En transposant cette prudence face aux discours dans le rapport à l'éco-nomie (les lois de la maison) du monde, prolonger ce type de regard fétichisant un peu trop sûr de lui est une posture qui écarte l'encore inexpliqué, qui occulte un peu trop vite notre intrication et notre dépendance à la matière dans nos interactions avec elle, occultant une part insaisissable pour nous qui sommes "pris dedans". Reconnaitre que pourtant efficiente et utile cette intelligence est limitée, permettrait au politique de rester humble dans son appréhension du réel, quand nos quotidiens et l’économie matérielle à l’échelle du monde en dépendent : peut-être devrait-il mieux s'instruire de ces dépendances et cultiver la prudence...
Tout le monde n’accédant pas aux ressources épuisables et souvent extraites dans des conditions très polluantes, s'imposent donc au minimum, un peu de prudence voire d'esprit de partage de ces ressources précieuses si souvent inégalement réparties, dont l'accès pérenne doit être protégé.
En parallèle, dans notre rapport au vivant, occulter la nécessaire Considération [6] qu’il nous faudrait accorder à chaque être nous conduit dans le mur lorsqu'il s'agira de subir les conséquences des dégâts irréversibles produits sur le vivant dont nous dépendons (et faisons partie!) par des projets extractivistes et destructeurs, toujours plus grands et souvent inégalement utiles [3,4].
Par exemple sur nos routes [4], là où avant 1960 s’imposaient des barrières de dégel au flux des camions, donc dans le cadre d’une économie astreinte au rythme des saisons; l’impérium indiscuté de rentabilité a imposé depuis que des tonnages toujours plus grands passent partout et en toute saison sans encombre et toujours plus confortablement et rapidement, à n’importe quel prix et aux frais du contribuable, effaçant les contraintes du sol, de la biodiversité et du climat, comme les conditions de vie des populations traversées. 80% des sables et graviers extraits sont en réalité dédiés aux infrastructures et surtout à leur entretien qui engloutissent fort opportunément au passage schistes houillers, laitiers sidérurgiques, mâchefers d’incinération d’ordure, gravats d’anciennes routes et autres sédiments de dragage.
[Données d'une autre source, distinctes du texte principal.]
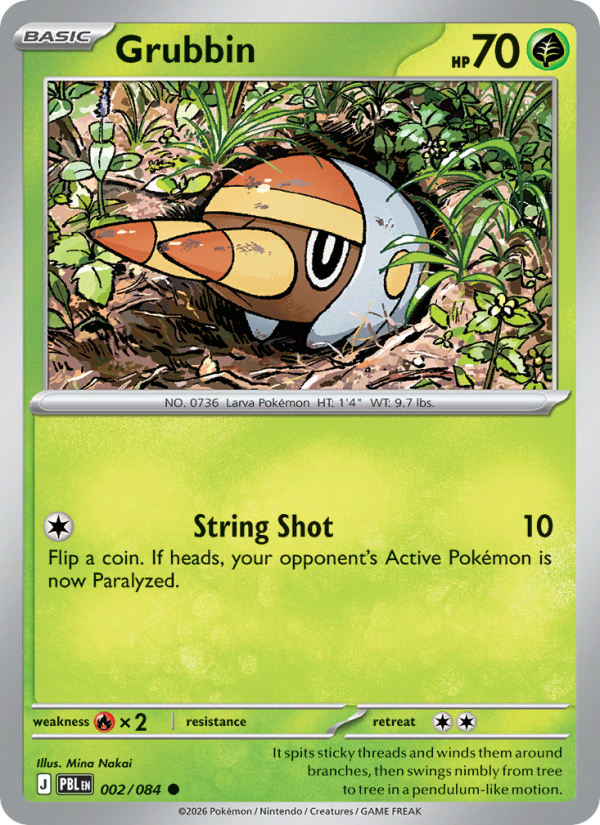 Grubbin 2/84 Common | Pitch Black | Pokemon Card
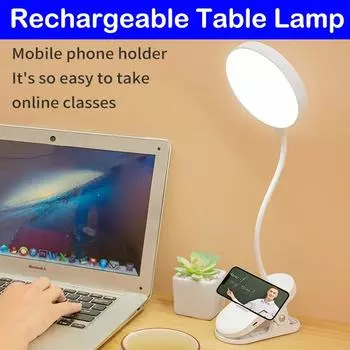 4000 мАч USB перезаряжаемая светодиодная настольная лампа с зажимом 3 уровня яркости защита глаз портативная сенсорная лампа для чтения книг прикроватная тумбочка WHITE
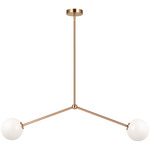 Novo Globe 2-Light Linear Pendant - Aged Gold Brass / Opal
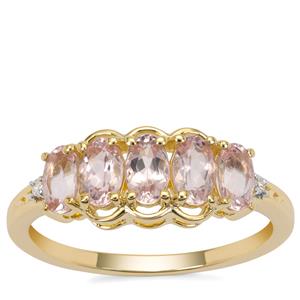 Cherry Blossom Morganite Ring with Pink Diamond in 9K Gold 1.10cts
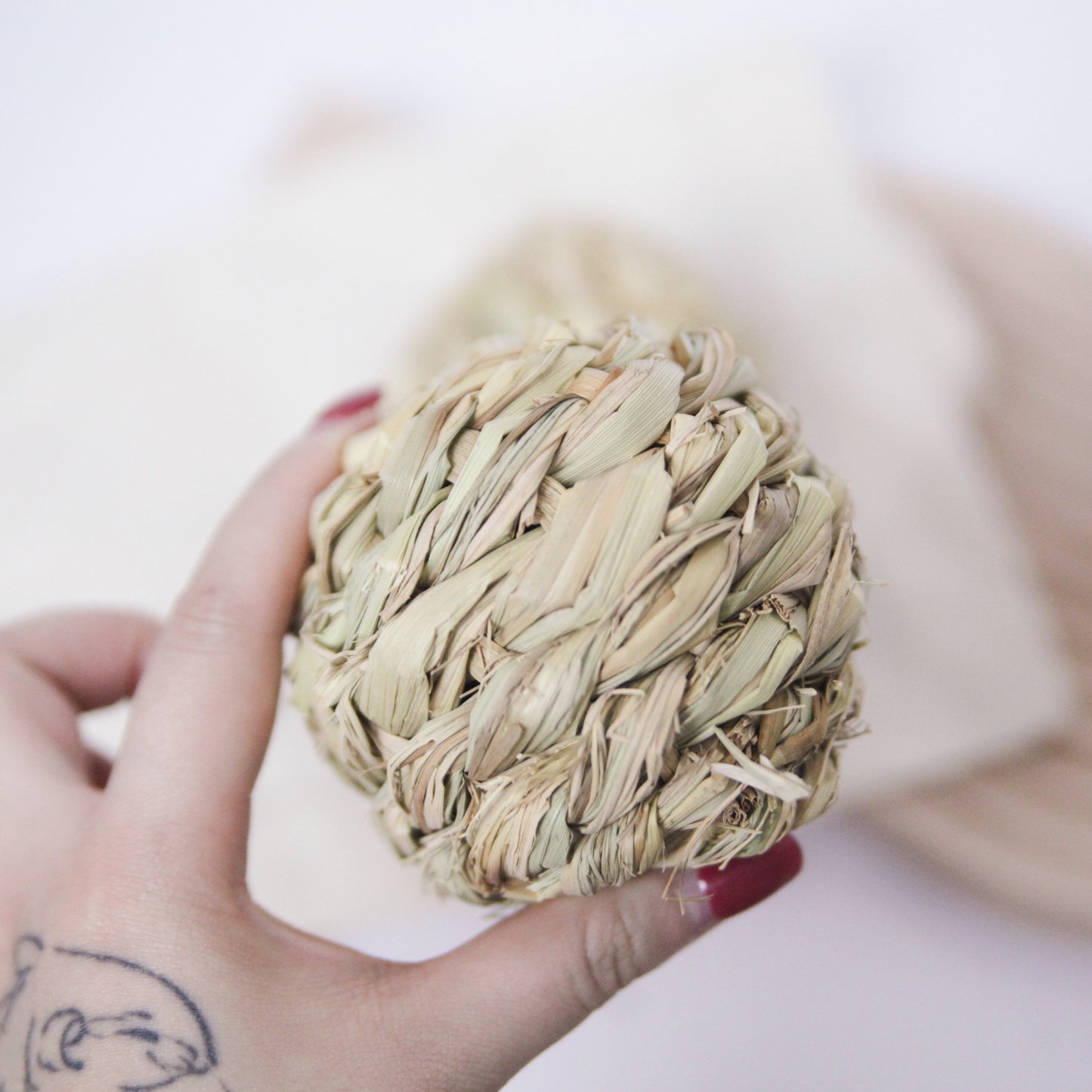 Straw ball with bell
Qui le sait? Nelho Magalhães analyse ainsi ce désencastrement de nos vies dans le paysage et la biodiversité qu'opèrent ces grands chantiers (inutiles?).
Pour la matière comme pour le Vivant, la considération permettrait de laisser de la place à l’ineffable et à l'inaccessible : si on ne comprend pas tout, peut-être faut-il alors s'obliger à ne pas aller trop vite, ni laisser faire ceux qui sont pressés - par leur mort prochaine ou leur cupidité - de se faire beaucoup d'argent tout de suite?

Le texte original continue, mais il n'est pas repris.